The race to establish these areas has been spurred in part by global marine conservation targets set by the United Nations and others. These goals address a growing number of ecological issues affecting the oceans, including declining fish stocks and marine biodiversity, increasing ocean acidification, and loss of habitats.
Huge conservation areas in and around island nations like Palau have become test cases for strict ocean protection, but enforcement of regulations is still a daunting challenge. Still, new large marine protected areas are often celebrated in the news, like the newest area established in March in Seychelles, just north of Madagascar.
While some view designating these areas as significant conservation victories, concern is mounting that without serious consideration of their social, economic and political dimensions before and after designation, the long-term success of these areas is questionable.
“A common assumption has been that human dimensions considerations aren’t relevant to large marine protected areas because they’re often located in remote, offshore areas,” Gruby, an assistant professor in the Department of Human Dimensions of Natural Resources, explained. “But these areas are unique and their human dimensions are potentially different from those we are used to. Many people have a stake in what happens even in the most remote ocean places. Those needs have to be adequately accounted for if large marine protected areas are to succeed.”
Gruby is leading a three-year research and outreach project to better understand stakeholders and interests, governance approaches, and social, political, and economic outcomes. The project includes developing case studies in Palau, Bermuda, Easter Island, Kiribati and the Commonwealth of the Northern Mariana Islands.

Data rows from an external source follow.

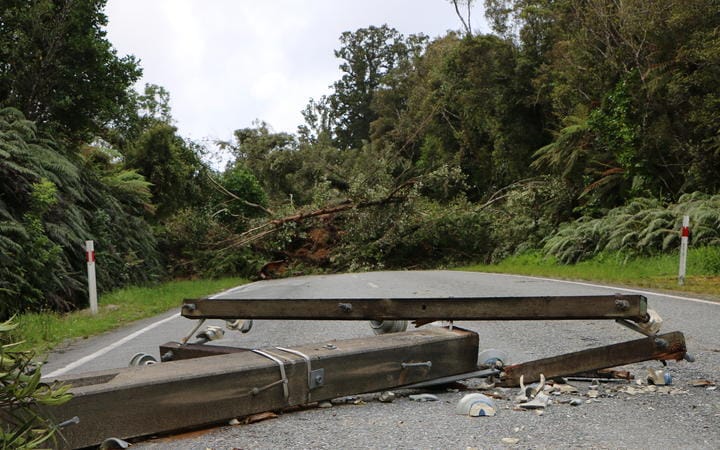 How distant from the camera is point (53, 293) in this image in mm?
11320

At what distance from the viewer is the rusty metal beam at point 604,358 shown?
4238 millimetres

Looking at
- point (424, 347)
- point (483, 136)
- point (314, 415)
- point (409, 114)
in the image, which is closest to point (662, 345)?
point (424, 347)

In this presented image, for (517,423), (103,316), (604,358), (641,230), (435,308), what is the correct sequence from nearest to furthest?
(517,423)
(604,358)
(435,308)
(103,316)
(641,230)

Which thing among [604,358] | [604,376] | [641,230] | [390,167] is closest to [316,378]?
[604,358]

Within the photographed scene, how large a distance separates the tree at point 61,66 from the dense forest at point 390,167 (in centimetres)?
4

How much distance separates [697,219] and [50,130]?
625 inches

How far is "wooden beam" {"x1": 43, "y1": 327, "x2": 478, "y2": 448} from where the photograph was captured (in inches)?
127

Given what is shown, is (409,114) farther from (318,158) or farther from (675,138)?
(675,138)

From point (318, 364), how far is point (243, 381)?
0.48 meters

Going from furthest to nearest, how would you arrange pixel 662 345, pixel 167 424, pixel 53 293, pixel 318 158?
pixel 318 158 < pixel 53 293 < pixel 662 345 < pixel 167 424

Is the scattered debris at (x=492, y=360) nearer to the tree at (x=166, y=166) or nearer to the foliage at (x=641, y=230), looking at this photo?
the foliage at (x=641, y=230)

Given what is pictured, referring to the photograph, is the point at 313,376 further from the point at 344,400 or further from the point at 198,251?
the point at 198,251

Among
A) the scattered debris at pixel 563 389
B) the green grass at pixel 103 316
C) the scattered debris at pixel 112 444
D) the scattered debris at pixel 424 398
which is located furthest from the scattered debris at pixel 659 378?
the green grass at pixel 103 316

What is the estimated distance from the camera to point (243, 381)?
3.65 meters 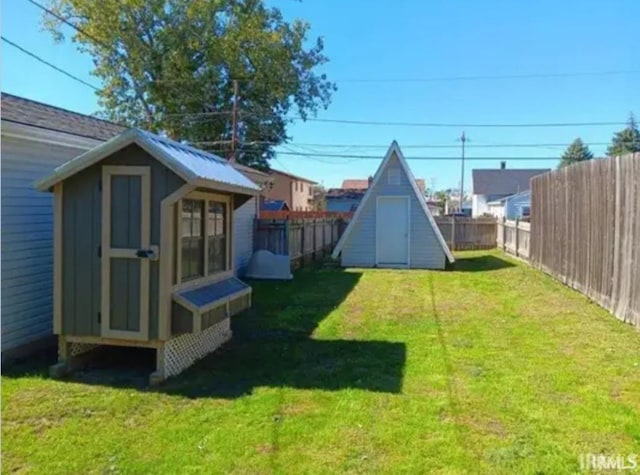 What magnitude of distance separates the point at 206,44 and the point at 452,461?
24.7 metres

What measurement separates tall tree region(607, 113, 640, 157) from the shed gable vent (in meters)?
45.0

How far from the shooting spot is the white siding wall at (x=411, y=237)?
14.3 meters

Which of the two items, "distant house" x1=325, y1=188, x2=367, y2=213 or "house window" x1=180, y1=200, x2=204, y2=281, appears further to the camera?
"distant house" x1=325, y1=188, x2=367, y2=213

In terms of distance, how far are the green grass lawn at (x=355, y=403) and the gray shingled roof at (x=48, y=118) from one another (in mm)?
2897

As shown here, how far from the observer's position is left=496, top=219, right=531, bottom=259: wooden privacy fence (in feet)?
51.0

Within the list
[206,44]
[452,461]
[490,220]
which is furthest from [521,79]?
[452,461]

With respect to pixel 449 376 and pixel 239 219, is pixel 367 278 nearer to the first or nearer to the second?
pixel 239 219

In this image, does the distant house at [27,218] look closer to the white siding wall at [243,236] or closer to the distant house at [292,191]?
the white siding wall at [243,236]

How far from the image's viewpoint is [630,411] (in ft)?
13.5

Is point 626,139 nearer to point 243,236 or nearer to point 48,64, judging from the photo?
point 243,236

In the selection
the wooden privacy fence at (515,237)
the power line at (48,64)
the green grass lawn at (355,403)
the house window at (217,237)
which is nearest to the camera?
the green grass lawn at (355,403)

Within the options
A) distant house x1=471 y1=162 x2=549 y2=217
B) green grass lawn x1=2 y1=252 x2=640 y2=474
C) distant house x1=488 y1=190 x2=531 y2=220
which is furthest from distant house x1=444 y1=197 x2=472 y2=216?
green grass lawn x1=2 y1=252 x2=640 y2=474

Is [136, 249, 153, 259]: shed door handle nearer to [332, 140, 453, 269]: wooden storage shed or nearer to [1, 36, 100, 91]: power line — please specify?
[1, 36, 100, 91]: power line

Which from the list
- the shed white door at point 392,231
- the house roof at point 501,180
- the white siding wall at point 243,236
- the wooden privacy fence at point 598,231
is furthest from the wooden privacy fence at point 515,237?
the house roof at point 501,180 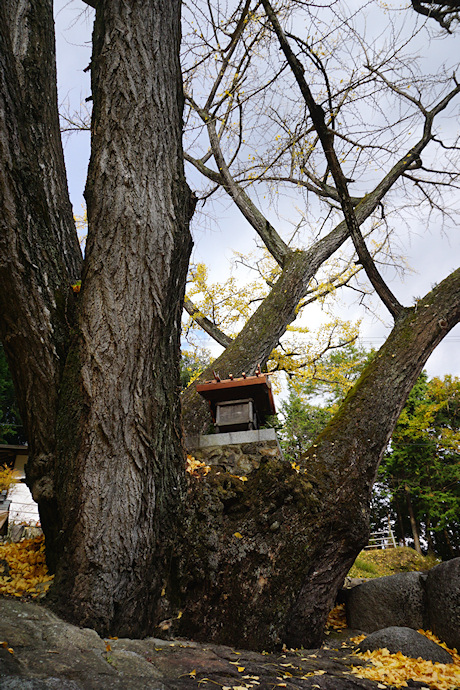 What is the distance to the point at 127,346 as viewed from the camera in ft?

The group wants to demonstrate that these areas are not simply “ocean wilderness” where local people and other stakeholders have no interests and are advocating that this type of research needs to take place. The group has proposed such an agenda in “Toward a Social Science Research Agenda for Large Marine Protected Areas,” published in “Conservation Letters” in September 2015.

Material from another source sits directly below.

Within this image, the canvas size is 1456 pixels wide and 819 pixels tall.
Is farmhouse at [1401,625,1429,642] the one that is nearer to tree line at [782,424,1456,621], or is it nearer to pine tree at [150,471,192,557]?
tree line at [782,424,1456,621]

Gruby contends that social sciences insights can help managers and government officials appraise avoidable conflicts and unintended consequences before they occur. Conflicts can create resentment rather than support for conservation, as seen in issues that have emerged around a number of sites and proposals, such as the Motu Motiro Hiva Marine Park and the Marianas Trench Marine National Monument.

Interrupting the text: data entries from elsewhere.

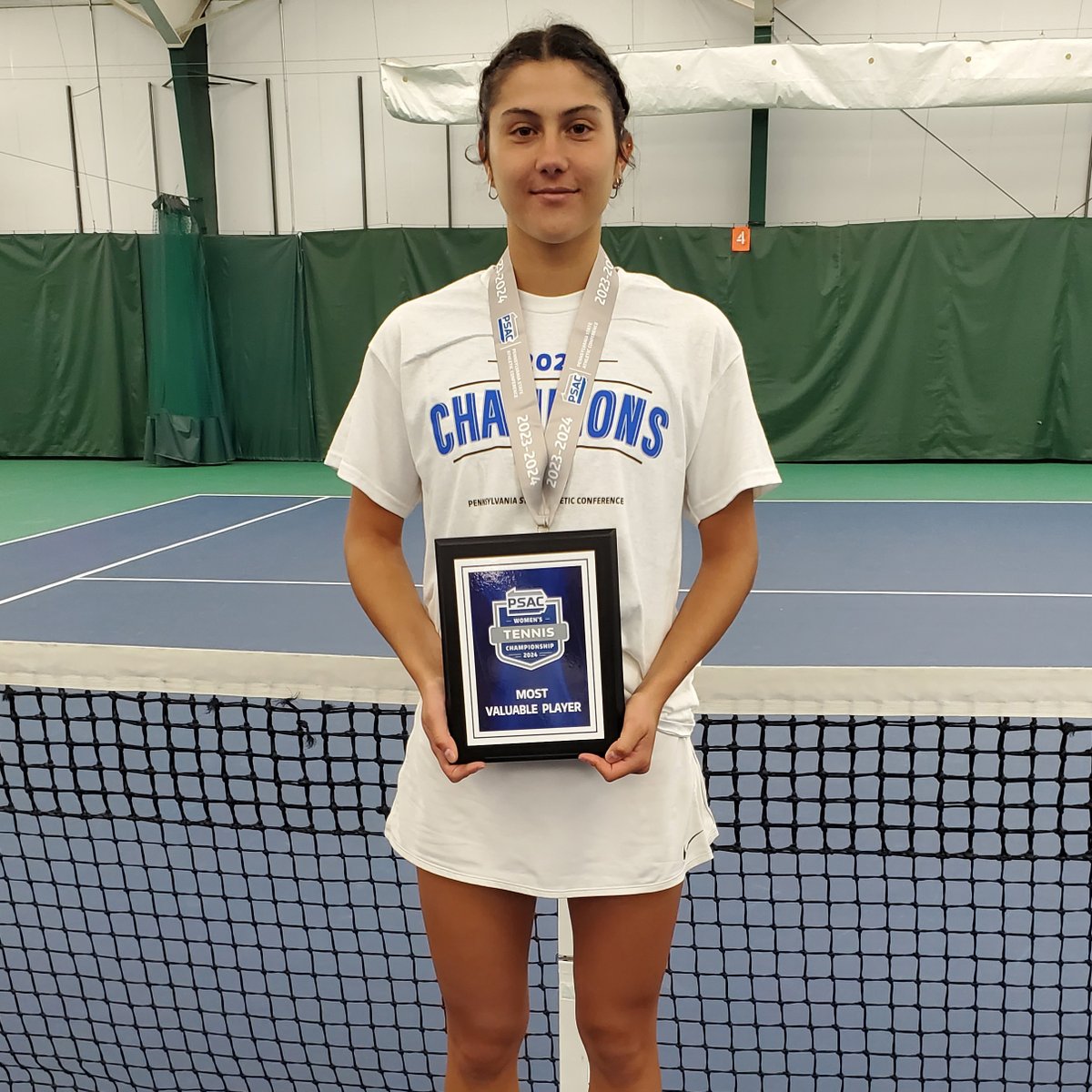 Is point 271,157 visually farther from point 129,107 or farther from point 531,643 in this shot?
point 531,643

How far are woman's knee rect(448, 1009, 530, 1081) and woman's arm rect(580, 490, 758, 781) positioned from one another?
0.39m

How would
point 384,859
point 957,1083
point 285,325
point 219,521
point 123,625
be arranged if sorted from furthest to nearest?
point 285,325 < point 219,521 < point 123,625 < point 384,859 < point 957,1083

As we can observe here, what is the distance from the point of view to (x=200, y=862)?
2.71 meters

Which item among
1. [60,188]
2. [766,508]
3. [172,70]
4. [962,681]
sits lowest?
[766,508]

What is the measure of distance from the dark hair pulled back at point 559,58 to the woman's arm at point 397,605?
45 centimetres

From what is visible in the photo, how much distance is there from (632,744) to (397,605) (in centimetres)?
32

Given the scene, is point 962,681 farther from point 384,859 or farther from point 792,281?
point 792,281

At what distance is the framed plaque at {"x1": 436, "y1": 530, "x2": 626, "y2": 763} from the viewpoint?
102 cm

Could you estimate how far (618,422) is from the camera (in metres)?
1.09

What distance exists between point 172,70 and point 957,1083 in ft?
36.6

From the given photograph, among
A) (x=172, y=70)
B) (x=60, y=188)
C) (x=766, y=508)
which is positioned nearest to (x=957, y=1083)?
(x=766, y=508)

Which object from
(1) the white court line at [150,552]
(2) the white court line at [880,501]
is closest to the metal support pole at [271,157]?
(1) the white court line at [150,552]

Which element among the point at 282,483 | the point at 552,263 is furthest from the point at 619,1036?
the point at 282,483

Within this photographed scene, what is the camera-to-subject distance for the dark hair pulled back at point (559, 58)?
107 cm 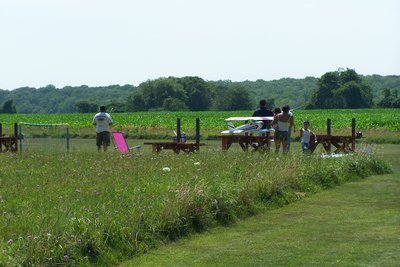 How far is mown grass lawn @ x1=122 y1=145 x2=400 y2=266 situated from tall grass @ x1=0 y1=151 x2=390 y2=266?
312 millimetres

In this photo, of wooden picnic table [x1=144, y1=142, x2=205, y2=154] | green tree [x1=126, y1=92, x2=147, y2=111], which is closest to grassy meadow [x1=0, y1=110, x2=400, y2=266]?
wooden picnic table [x1=144, y1=142, x2=205, y2=154]

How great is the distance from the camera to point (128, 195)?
10922 millimetres

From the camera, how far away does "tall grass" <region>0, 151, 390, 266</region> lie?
8.28m

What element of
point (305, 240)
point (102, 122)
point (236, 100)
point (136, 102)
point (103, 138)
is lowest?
point (305, 240)

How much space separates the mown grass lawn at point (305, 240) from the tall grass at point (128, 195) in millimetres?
312

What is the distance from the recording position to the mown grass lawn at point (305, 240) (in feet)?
29.6

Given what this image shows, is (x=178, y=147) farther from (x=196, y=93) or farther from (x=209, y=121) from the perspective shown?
(x=196, y=93)

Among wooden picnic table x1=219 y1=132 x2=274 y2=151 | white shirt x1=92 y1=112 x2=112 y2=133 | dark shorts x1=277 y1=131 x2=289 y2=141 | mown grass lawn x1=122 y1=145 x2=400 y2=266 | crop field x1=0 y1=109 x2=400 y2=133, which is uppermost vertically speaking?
white shirt x1=92 y1=112 x2=112 y2=133

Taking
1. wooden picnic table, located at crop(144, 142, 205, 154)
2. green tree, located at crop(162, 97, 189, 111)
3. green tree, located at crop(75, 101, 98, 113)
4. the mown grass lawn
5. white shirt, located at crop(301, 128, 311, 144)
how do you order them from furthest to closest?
1. green tree, located at crop(75, 101, 98, 113)
2. green tree, located at crop(162, 97, 189, 111)
3. wooden picnic table, located at crop(144, 142, 205, 154)
4. white shirt, located at crop(301, 128, 311, 144)
5. the mown grass lawn

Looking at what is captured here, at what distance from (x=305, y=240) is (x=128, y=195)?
2.48 meters

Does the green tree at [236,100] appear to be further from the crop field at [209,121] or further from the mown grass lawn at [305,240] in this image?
the mown grass lawn at [305,240]

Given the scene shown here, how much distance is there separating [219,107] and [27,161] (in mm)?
116352

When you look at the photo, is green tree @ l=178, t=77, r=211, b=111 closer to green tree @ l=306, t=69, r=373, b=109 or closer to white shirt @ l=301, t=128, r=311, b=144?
green tree @ l=306, t=69, r=373, b=109

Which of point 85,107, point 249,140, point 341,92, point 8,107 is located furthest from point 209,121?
point 85,107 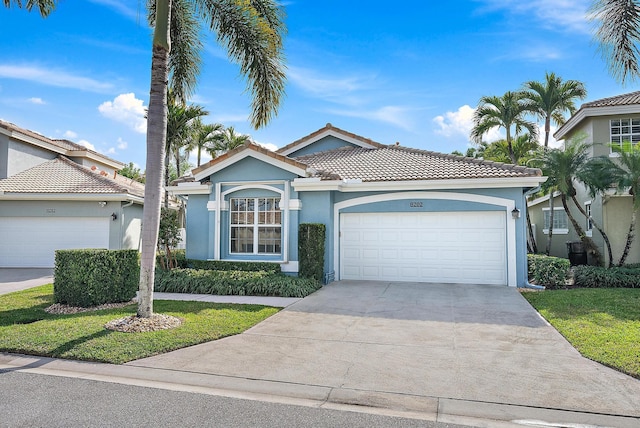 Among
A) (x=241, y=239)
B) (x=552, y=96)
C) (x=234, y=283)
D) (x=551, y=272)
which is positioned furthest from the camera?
(x=552, y=96)

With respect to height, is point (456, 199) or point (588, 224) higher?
point (456, 199)

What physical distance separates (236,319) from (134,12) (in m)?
8.01

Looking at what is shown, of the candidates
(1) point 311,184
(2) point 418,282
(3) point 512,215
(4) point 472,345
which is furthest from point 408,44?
(4) point 472,345

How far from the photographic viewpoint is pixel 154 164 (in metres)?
7.76

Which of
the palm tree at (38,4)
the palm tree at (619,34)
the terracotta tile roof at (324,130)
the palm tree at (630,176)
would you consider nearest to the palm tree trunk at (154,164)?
the palm tree at (38,4)

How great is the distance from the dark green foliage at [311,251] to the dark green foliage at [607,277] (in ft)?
26.1

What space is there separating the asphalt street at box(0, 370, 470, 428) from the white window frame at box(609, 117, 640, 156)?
15.9m

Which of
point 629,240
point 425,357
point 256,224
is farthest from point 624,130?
point 425,357

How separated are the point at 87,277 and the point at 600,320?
11.0 m

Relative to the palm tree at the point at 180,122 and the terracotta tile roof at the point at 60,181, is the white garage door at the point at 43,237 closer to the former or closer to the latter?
the terracotta tile roof at the point at 60,181

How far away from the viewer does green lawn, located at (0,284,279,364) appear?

“We are at an early stage in the large marine protected area movement, and these areas have the potential to provide significant social and environmental benefits,” said Gruby. “We want to help realize that potential by adding human dimensions to the conversation.”
Gruby is carrying out this research with Professor Lisa Campbell from Duke University, Assistant Professor Noella Gray from the University of Guelph, and several graduate students. Research sponsors include the Oak Foundation, the Waitt Foundation, The Tiffany & Co. Foundation and Lyda Hill.
International research agenda
Gruby collaborated with an international team of scholars and conservation practitioners to organize a highly successful global think tank around the human dimensions of large marine protected areas in February in Hawai’i. The meeting brought together 125 participants from 17 countries, including leaders from 10 established large marine protected areas.
At the meeting the group drafted a shared human dimensions research agenda along with other guiding documents for management of and research on large marine protected areas.
Support for the meeting came from a number of large, international conservation and governmental organizations including the Pew Charitable Trusts, Conservation International, the National Oceanic and Atmospheric Association, National Geographic, the Social Sciences and Humanities Research Council of Canada, among others.